Growing number of young Jews turning to service to express their Jewish values
When Jon Cohen was in college a decade ago studying biology and chemistry with plans for medical school, he knew he wanted to make a difference in the world beyond the Florida State University campus in Tallahassee.
So he and some friends decided to launch a community project teaching science to children from low-income households living nearby. Every Friday, they’d conduct experiments with the kids designed to spark excitement and curiosity about the world around them in a way that would leave an impact on them beyond school.
The idea of service was something Cohen had grown up with in his more affluent Miami suburb, and he wanted to take some time off between college and medical school to devote to it. When, as a college senior, Cohen saw an email about a Jewish service fellowship with Repair the World, he applied.
“I was really interested in seeing what justice-minded Judaism was like,” Cohen recalls.
His family didn’t practice Judaism framed through the lens of morals and values, he said, but rather through rituals like Sabbath observances and attending synagogue. He didn’t go to a Jewish day school or summer camp, he didn’t know Hebrew, and when his parents divorced, they stopped observing Shabbat, leaving Cohen with few pathways for Jewish connection.
When Cohen started his fellowship in New York for Repair the World, he realized he had found a different model for Jewish action—one that felt more meaningful. Cohen worked with Digital Girl, an organization that teaches computer coding to kids of all genders in underfunded schools in neighborhoods like Chinatown, Bedford-Stuyvesant and East New York where many people live in poverty.
Cohen is one of over 230 people who have “served” full-time through Repair the World’s fellowship. Another 740 have completed Repair’s service corps, a three-month, part-time Jewish service learning program for young adults. Since 2009, Repair has partnered with approximately 2,880 service organizations, resulting in over 516,000 acts of service and learning. The goal is to reach 1 million by 2026.
This kind of Jewish engagement is indicative of a sea change in the Jewish communal world: Service is now an integral part of American Jewish life and a meaningful form of Jewish expression, especially for younger adults. Service projects increasingly are how American Jews put their faith into practice and find purpose through humanitarian acts.
“Younger generations are deeply passionate about making the world a better place and improving their communities,” said Robb Lippitt, chair of Repair the World’s board of directors. “Connecting this passion to their Jewish values is something that Repair does really well.”

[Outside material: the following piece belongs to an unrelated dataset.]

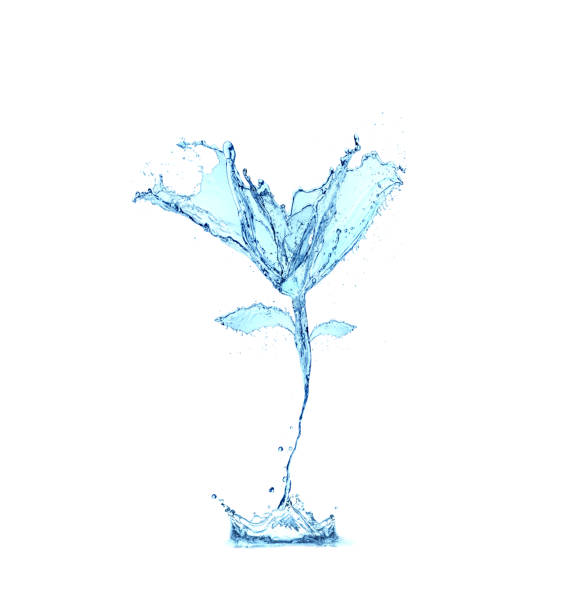 flower water splash isolated on white background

The organization sends Jewish young adults to serve both with Jewish and non-Jewish organizations addressing needs such as food, housing, and other local needs. Repair the World’s activities are structured with an eye toward making them meaningful Jewish experiences.
“The power of Repair’s model is the opportunity it provides for young adult volunteers to learn from and work in deep partnership with the communities they are serving—while engaging in Jewish life and learning,” said Lisa Eisen, Repair’s founding board chair and co-president of Schusterman Family Philanthropies. “We saw this so clearly through the pandemic, when Repair mobilized tens of thousands of young Jews to support people in need while also providing an avenue for them to stay connected to each other and Jewish community.”
Many of the young Jews who work with Repair the World come from cohorts that traditional Jewish organizations have struggled to reach. In the most recent data collected by the organization, Repair found that between 19 and 25% of participants identify as having a disability; 25% of participants and 44% of corps members identify as non-white; and 75% of fellows, 42% of corps members, and 22% of participants identify as LGBTQ.
After Jon Cohen finished his yearlong fellowship with Repair, he went to medical school as planned, but he soon realized it wasn’t the path he wanted. When an opportunity came up to join Repair’s staff in Miami, he jumped at the opportunity, staying for three years. He now is the director of community mobilization at Keshet, the Jewish LGBTQ+ rights organization, and serves on Repair’s board of directors.
“Service has always been something that was important to me but never existed through Judaism until I did the fellowship,” Cohen said of his experience. “It was groundbreaking for me to learn about tikkun olam and all of my Jewish values. It was such an educational experience, and now I feel so proudly and passionately Jewish because of the foundation Repair the World gave me.”
Sara Ivry is a contributing writer to JTA and Jlife magazine.